= Mats Alvesson =

Swedish business theorist

Mats Alvesson (born 1956) is a Swedish management scholar and professor of business administration at Lund University, particularly known for having made key contributions in forming the field of critical management studies.

== Life and work ==
Alvesson received his Ph.D. in psychology from Lund University in 1983, and holds a chair in the Business Administration department at Lund University School of Economics and Management. Beside his chair in Lund, Alvesson is affiliated as an honorary professor at University of Queensland Business School and as a visiting professor at Stockholm Business School.

Alvesson's research interests span the fields of organization and leadership studies.
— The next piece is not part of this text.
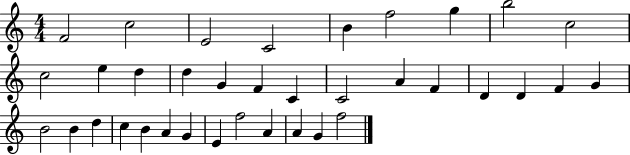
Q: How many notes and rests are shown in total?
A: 36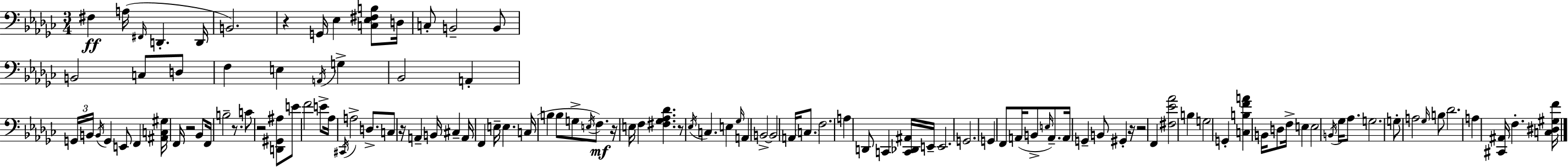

== Selected publications ==
- Alvesson, M. & Berg, P. O. (1992) Corporate Culture and Organizational Symbolism: An Overview, Berlin: de Gruyter.
- Alvesson, Mats, and Stanley A. Deetz. Doing critical management research. Sage, 2000.
- Alvesson, Mats. Understanding organizational culture. Sage, 2002.
- Alvesson, Mats, and Kaj Sköldberg. Reflexive methodology: New vistas for qualitative research. Sage, 2009.
- Alvesson, Mats; Gabriel, Yiannis; Paulsen, Roland. Return to Meaning: A Social Science with Something to Say. Oxford University Press, 2017.

Articles, a selection:
- Alvesson, Mats, and Dan Karreman. "Varieties of discourse: On the study of organizations through discourse analysis." Human relations 53.9 (2000): 1125-1149.
- Alvesson, Mats, and Hugh Willmott. "Identity regulation as organizational control: Producing the appropriate individual." Journal of management studies 39.5 (2002): 619-644.